In Greece, the SYRIZA coalition rose from less than 5% of the vote in national parliamentary elections in 2009 to more than 36% in January 2015. PASOK, which had not polled less than 38% of the vote since 1977, saw its vote drop from 44% to less than 5%. The story, alas, does not end with a decisive turn against austerity policies. After striking a tough stance against austerity and engaging in protracted and tense negotiations with the ”Troika” (European Central Bank, European Commission, and International Monetary Fund), SYRIZA capitulated to a new round of painful austerity (imposed by its creditors as a condition of the ”third bailout”). Despite the split of its left wing as the new Laïkí Enótita (Popular Unity) party, SYRIZA basically maintained its electoral strength in the next elections in September 2015.

In Spain, the new left party Podemos (”We Can”) debuted with just over 20% of the vote in its first national election (December 2015). Meanwhile, the PSOE dropped from 29% of the vote in 2011 to 22% in 2015. The largest party of the right, the Partido Popular (PP), which has alternated in power with the PSOE since the early 1980s, dropped even harder—from about 45% to 29%. Podemos’ dramatic rise to national relevance inspired hopes of further gains, and even a Podemos-led government, after the June 2016 elections. That did not come to pass. Podemos’ electoral support hardly budged (to just over 21%), leaving it the third-place vote-getter, just behind the PSOE, while the PP remained the top party, regaining some lost ground to about 33% of the vote.
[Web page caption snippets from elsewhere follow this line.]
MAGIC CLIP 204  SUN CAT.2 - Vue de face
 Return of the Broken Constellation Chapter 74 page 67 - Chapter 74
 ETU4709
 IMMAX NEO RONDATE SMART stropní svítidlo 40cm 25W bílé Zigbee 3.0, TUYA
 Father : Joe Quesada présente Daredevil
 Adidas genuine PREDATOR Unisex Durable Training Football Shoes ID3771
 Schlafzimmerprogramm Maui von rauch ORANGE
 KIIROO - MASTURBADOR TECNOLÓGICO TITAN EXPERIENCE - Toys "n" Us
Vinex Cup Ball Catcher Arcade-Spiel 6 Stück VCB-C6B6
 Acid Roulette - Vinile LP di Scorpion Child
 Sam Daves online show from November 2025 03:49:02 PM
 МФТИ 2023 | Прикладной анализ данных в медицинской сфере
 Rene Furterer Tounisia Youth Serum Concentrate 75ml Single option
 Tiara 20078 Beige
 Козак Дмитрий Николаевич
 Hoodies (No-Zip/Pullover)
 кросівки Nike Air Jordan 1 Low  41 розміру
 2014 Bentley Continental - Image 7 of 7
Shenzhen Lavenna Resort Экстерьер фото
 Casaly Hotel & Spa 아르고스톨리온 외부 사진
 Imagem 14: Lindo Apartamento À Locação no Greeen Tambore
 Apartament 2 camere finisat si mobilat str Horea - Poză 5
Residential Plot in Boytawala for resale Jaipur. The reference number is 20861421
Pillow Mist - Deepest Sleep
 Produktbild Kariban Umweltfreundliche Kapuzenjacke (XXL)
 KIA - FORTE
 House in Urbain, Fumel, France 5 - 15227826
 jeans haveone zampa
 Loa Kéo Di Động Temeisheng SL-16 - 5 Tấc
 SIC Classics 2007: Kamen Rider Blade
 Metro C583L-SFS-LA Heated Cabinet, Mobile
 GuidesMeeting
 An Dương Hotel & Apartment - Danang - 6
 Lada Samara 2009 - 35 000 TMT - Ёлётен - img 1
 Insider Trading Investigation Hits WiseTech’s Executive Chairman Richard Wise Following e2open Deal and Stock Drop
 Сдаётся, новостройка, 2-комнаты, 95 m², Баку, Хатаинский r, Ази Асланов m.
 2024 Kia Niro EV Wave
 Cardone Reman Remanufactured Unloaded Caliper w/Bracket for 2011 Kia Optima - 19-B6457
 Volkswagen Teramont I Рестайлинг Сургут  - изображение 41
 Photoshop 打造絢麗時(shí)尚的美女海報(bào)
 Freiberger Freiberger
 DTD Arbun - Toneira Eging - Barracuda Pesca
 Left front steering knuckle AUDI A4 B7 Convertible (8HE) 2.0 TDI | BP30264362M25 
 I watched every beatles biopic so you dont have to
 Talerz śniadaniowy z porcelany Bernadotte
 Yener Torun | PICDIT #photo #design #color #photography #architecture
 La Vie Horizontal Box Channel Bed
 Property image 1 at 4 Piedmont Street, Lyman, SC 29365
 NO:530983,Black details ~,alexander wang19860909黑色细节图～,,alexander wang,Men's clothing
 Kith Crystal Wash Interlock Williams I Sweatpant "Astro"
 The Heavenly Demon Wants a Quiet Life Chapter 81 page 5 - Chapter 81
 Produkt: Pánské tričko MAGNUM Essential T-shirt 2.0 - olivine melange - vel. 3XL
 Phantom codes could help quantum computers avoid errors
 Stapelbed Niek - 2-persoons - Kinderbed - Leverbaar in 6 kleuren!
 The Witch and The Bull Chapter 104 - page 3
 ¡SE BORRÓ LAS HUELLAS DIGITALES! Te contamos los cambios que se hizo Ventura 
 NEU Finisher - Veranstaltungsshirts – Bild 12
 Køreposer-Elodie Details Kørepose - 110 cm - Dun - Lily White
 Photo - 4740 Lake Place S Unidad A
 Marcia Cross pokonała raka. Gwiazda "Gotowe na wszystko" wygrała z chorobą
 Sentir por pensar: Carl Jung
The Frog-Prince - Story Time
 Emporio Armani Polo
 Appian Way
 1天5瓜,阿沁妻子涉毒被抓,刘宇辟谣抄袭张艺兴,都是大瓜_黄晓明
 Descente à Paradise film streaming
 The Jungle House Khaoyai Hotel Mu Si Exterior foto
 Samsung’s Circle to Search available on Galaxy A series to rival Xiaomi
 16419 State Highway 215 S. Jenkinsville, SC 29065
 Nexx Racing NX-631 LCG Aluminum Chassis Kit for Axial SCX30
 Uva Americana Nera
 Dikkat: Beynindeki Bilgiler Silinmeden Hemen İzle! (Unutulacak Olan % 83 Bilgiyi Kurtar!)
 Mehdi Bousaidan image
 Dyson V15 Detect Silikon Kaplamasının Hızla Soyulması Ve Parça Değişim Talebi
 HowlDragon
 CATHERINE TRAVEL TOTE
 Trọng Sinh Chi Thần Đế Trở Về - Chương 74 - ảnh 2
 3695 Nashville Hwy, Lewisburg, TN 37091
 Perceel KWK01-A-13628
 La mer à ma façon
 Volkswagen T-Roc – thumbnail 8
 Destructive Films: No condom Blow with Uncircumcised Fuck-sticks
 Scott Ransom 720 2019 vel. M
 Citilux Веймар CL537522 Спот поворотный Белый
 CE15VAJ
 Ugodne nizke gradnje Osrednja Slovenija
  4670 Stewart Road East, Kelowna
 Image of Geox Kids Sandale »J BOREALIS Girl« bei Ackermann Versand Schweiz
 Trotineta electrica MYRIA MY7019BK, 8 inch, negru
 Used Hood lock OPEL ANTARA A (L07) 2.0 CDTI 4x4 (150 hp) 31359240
The emergence of SYRIZA (at least until its capitulation on the ”third bailout”) and Podemos inspired hope not just for a turn away from austerity policies, but also the renewal of a robust social democratic reformism in the style of the post-World War II period. Meanwhile, in the U.K., a turn away from Third Way politics took the form of a successful leadership challenge within the leading social democratic party: The September 2015 victory of MP Jeremy Corbyn as Labour Party leader signaled a clear rejection of the ”New Labour” politics associated with the party’s last two prime ministers, Tony Blair and Gordon Brown, and with Corbyn’s rivals for the leadership, both of whom had served as cabinet ministers under Blair or Brown. Lest the meaning of the victory be unclear, reported The Telegraph, ”Mr Corbyn’s jubilant backers chanted: ‘Old Labour, not New Labour.’” (Corbyn more recently beat back a counter-attack from the Blairites, winning a leadership challenge by an even larger margin.)

There are, in addition, a few other left alternatives to the main social democratic parties—such as the Bloco de Esquerda (Left Bloc, founded 1999) in Portugal, Die Linke (The Left, founded 2007) in Germany, the Movimento Democratico e Progressista (Democrats and Progressives, founded 2017) and Sinistra Italiana (Italian Left, founded 2015) in Italy, and the Parti de Gauche (Left Party, founded 2008) in France. Portugal’s Socialist Party and Germany’s Social Democrats remain far ahead, in electoral results and recent polling, of the newer parties to their left. In Italy, the ”center-left” Democratic Party (itself a new party, founded in 2007 as a successor to the L’Ulivo coalition), likewise, overshadows its left challengers.

In France, while the Left Party holds no seats in the French National Assembly, its co-founder and former leader Jean-Luc Mélenchon polled a close fourth (with nearly 20% of the vote) in the recent presidential election, though as the candidate of the non-party electoral vehicle La France insoumise (Unsubmissive France). The Socialist Party remains the leading party in the National Assembly, but the collapse in its support in the polls and poor showing in the recent presidential elections (fifth, with just 6%) suggest the possibility of its eclipse as the major party on the French left. The next National Assembly elections are slated for June.

Green parties, another potential source of left opposition to Third Way social democracy, have only gained electoral traction in a few countries, most notably in Germany (where the Greens were twice in governing coalitions with the Social Democrats). In general, however, we have yet to see powerful coalitions between the class-struggle left and the greens.